Berdasarkan sektor jasa keuangan, indeks literasi dan inklusi keuangan masih ditopang paling tinggi oleh sektor Perbankan, dengan angka masing-masing sebesar 65,50 persen dan 70,65 persen (berdasarkan Metode Keberlanjutan).
Hasil SNLIK 2025 menjadi acuan penting bagi OJK dan stakeholder lainnya dalam merumuskan kebijakan, strategi, serta merancang produk dan layanan keuangan yang sesuai dengan kebutuhan dan kemampuan konsumen. Tujuannya adalah untuk terus meningkatkan kesejahteraan masyarakat melalui pemahaman dan akses yang lebih baik terhadap sektor keuangan.
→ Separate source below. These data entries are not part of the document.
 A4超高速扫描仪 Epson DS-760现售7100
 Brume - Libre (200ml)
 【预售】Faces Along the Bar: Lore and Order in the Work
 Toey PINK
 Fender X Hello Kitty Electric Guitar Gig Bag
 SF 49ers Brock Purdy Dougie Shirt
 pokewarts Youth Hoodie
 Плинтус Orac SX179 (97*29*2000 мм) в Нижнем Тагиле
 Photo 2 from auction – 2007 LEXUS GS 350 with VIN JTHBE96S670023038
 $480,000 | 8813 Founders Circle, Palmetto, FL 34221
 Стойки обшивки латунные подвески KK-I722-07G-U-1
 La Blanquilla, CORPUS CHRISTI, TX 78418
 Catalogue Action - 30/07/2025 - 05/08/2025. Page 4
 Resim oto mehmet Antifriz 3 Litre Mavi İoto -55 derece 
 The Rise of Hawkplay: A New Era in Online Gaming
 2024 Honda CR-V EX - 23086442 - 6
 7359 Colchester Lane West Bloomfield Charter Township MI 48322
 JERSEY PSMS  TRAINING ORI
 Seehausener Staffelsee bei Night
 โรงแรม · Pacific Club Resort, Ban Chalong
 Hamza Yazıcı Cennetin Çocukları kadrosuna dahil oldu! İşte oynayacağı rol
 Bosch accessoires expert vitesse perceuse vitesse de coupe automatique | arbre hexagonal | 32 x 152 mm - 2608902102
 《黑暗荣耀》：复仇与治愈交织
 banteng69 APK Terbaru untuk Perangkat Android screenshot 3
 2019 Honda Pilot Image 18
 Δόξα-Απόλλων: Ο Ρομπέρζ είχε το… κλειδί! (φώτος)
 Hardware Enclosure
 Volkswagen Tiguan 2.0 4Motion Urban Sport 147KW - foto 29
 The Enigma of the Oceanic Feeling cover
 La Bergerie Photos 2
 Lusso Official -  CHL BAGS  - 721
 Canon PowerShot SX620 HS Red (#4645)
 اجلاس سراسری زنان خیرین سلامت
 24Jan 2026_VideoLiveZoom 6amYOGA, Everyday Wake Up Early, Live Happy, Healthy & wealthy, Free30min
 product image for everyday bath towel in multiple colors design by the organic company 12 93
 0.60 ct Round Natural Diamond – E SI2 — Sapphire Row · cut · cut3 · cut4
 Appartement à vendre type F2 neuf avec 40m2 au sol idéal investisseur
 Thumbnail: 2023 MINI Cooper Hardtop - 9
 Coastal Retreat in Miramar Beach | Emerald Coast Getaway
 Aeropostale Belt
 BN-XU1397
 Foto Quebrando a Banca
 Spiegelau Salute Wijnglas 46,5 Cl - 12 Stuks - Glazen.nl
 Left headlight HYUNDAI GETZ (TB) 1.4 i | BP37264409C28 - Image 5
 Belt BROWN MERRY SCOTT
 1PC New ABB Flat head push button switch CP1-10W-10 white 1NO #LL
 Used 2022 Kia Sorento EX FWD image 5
Friderica Widyasari Dewi menekankan bahwa OJK akan semakin menggiatkan kegiatan literasi dan inklusi keuangan bagi kelompok masyarakat yang memiliki tingkat literasi atau inklusi keuangan yang lebih rendah dibandingkan tingkat nasional. Kelompok-kelompok tersebut meliputi:
- Penduduk perempuan
- Penduduk yang tinggal di perdesaan
- Kelompok umur 15-17 tahun dan 51-79 tahun
- Penduduk dengan pendidikan rendah (tamat SMP/sederajat ke bawah)
- Petani/peternak/pekebun/nelayan, pelajar/mahasiswa, ibu rumah tangga, tidak/belum bekerja, dan pekerja lainnya (selain pegawai/profesional, pengusaha/wiraswasta, dan pensiunan/purnawirawan)
Fokus OJK dalam meningkatkan literasi dan inklusi keuangan, baik secara konvensional maupun syariah, tertuang dalam berbagai rencana strategis, termasuk Peta Jalan Pengawasan Perilaku Pelaku Usaha Jasa Keuangan, Edukasi dan Pelindungan Konsumen (2023-2027), Rencana Pembangunan Jangka Menengah Nasional (RPJMN) Tahun 2025-2029, serta Rencana Pembangunan Jangka Panjang Nasional (RPJPN) Tahun 2025-2045.